_Task description_. Nothing in the records may be altered, so transcribe them exactly.

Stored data

· · · ·

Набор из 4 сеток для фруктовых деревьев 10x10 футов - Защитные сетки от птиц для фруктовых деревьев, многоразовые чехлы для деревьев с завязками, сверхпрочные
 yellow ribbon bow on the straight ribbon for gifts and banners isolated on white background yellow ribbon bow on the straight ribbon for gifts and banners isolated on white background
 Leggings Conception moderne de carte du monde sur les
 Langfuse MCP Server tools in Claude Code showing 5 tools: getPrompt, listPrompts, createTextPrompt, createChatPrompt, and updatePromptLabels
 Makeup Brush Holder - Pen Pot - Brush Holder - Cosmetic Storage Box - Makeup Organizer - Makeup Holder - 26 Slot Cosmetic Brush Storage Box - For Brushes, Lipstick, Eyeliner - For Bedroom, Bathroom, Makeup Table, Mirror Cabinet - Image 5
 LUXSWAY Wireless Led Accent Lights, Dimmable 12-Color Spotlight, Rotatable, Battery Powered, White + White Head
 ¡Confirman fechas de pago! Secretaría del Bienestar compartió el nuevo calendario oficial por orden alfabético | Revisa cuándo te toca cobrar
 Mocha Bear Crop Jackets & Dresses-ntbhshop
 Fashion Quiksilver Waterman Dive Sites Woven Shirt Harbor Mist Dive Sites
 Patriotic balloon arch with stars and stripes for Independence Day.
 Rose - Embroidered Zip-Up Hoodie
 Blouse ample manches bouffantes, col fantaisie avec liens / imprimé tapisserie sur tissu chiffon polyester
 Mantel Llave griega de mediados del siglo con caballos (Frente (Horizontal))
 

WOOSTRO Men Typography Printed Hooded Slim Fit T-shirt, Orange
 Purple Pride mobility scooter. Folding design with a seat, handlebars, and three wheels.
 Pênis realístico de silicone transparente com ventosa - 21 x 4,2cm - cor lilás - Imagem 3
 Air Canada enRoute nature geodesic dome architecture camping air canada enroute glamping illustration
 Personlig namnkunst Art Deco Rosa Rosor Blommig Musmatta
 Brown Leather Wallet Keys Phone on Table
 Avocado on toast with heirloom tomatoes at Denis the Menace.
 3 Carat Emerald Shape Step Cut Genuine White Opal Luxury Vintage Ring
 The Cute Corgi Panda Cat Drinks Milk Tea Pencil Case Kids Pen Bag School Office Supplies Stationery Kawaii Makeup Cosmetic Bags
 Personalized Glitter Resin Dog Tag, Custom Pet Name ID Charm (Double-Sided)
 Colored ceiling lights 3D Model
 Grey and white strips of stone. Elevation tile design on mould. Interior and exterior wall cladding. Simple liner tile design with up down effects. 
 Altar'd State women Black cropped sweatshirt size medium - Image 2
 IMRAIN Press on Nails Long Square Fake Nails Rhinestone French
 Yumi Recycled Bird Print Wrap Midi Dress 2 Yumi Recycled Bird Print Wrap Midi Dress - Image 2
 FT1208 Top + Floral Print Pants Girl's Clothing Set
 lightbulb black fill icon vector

· · · ·

_Your response_.
Набор из 4 сеток для фруктовых деревьев 10x10 футов - Защитные сетки от птиц для фруктовых деревьев, многоразовые чехлы для деревьев с завязками, сверхпрочные
 yellow ribbon bow on the straight ribbon for gifts and banners isolated on white background yellow ribbon bow on the straight ribbon for gifts and banners isolated on white background
 Leggings Conception moderne de carte du monde sur les
 Langfuse MCP Server tools in Claude Code showing 5 tools: getPrompt, listPrompts, createTextPrompt, createChatPrompt, and updatePromptLabels
 Makeup Brush Holder - Pen Pot - Brush Holder - Cosmetic Storage Box - Makeup Organizer - Makeup Holder - 26 Slot Cosmetic Brush Storage Box - For Brushes, Lipstick, Eyeliner - For Bedroom, Bathroom, Makeup Table, Mirror Cabinet - Image 5
 LUXSWAY Wireless Led Accent Lights, Dimmable 12-Color Spotlight, Rotatable, Battery Powered, White + White Head
 ¡Confirman fechas de pago! Secretaría del Bienestar compartió el nuevo calendario oficial por orden alfabético | Revisa cuándo te toca cobrar
 Mocha Bear Crop Jackets & Dresses-ntbhshop
 Fashion Quiksilver Waterman Dive Sites Woven Shirt Harbor Mist Dive Sites
 Patriotic balloon arch with stars and stripes for Independence Day.
 Rose - Embroidered Zip-Up Hoodie
 Blouse ample manches bouffantes, col fantaisie avec liens / imprimé tapisserie sur tissu chiffon polyester
 Mantel Llave griega de mediados del siglo con caballos (Frente (Horizontal))
 

WOOSTRO Men Typography Printed Hooded Slim Fit T-shirt, Orange
 Purple Pride mobility scooter. Folding design with a seat, handlebars, and three wheels.
 Pênis realístico de silicone transparente com ventosa - 21 x 4,2cm - cor lilás - Imagem 3
 Air Canada enRoute nature geodesic dome architecture camping air canada enroute glamping illustration
 Personlig namnkunst Art Deco Rosa Rosor Blommig Musmatta
 Brown Leather Wallet Keys Phone on Table
 Avocado on toast with heirloom tomatoes at Denis the Menace.
 3 Carat Emerald Shape Step Cut Genuine White Opal Luxury Vintage Ring
 The Cute Corgi Panda Cat Drinks Milk Tea Pencil Case Kids Pen Bag School Office Supplies Stationery Kawaii Makeup Cosmetic Bags
 Personalized Glitter Resin Dog Tag, Custom Pet Name ID Charm (Double-Sided)
 Colored ceiling lights 3D Model
 Grey and white strips of stone. Elevation tile design on mould. Interior and exterior wall cladding. Simple liner tile design with up down effects. 
 Altar'd State women Black cropped sweatshirt size medium - Image 2
 IMRAIN Press on Nails Long Square Fake Nails Rhinestone French
 Yumi Recycled Bird Print Wrap Midi Dress 2 Yumi Recycled Bird Print Wrap Midi Dress - Image 2
 FT1208 Top + Floral Print Pants Girl's Clothing Set
 lightbulb black fill icon vector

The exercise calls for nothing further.